INPUT START

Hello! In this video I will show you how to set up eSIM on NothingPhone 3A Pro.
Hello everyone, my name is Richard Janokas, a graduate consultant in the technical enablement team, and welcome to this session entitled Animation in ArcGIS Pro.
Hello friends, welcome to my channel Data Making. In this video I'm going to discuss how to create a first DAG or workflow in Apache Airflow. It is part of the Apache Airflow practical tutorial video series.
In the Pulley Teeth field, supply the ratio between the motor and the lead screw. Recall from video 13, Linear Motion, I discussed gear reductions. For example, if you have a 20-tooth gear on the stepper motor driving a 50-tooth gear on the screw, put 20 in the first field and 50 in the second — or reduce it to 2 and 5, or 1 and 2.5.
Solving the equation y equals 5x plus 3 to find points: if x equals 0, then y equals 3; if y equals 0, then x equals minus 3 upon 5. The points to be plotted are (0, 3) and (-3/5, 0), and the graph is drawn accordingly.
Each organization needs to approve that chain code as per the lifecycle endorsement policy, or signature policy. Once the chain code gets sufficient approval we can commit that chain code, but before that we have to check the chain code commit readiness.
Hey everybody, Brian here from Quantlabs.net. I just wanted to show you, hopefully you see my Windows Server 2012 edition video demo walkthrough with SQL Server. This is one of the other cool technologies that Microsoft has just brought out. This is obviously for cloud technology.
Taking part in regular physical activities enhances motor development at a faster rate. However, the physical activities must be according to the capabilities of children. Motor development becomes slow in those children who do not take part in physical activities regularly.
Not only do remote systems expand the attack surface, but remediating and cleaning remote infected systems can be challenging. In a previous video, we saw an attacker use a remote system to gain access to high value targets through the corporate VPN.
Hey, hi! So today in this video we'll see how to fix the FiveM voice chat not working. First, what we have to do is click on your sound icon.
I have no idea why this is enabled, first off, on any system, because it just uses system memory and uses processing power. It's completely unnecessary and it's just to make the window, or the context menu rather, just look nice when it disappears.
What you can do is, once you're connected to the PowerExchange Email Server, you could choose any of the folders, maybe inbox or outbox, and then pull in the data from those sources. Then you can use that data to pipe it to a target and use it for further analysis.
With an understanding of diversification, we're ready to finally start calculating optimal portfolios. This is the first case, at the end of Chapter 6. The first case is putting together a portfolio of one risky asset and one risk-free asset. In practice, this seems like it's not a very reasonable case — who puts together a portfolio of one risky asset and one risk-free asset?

INPUT END

== TASK TO CARRY OUT ==
Up to and including the line with "Hello everyone, my", write out the records above exactly, starting from their first line.

== SOLUTION FOR THIS PROBLEM ==
Hello! In this video I will show you how to set up eSIM on NothingPhone 3A Pro.
Hello everyone, my name is Richard Janokas, a graduate consultant in the technical enablement team, and welcome to this session entitled Animation in ArcGIS Pro.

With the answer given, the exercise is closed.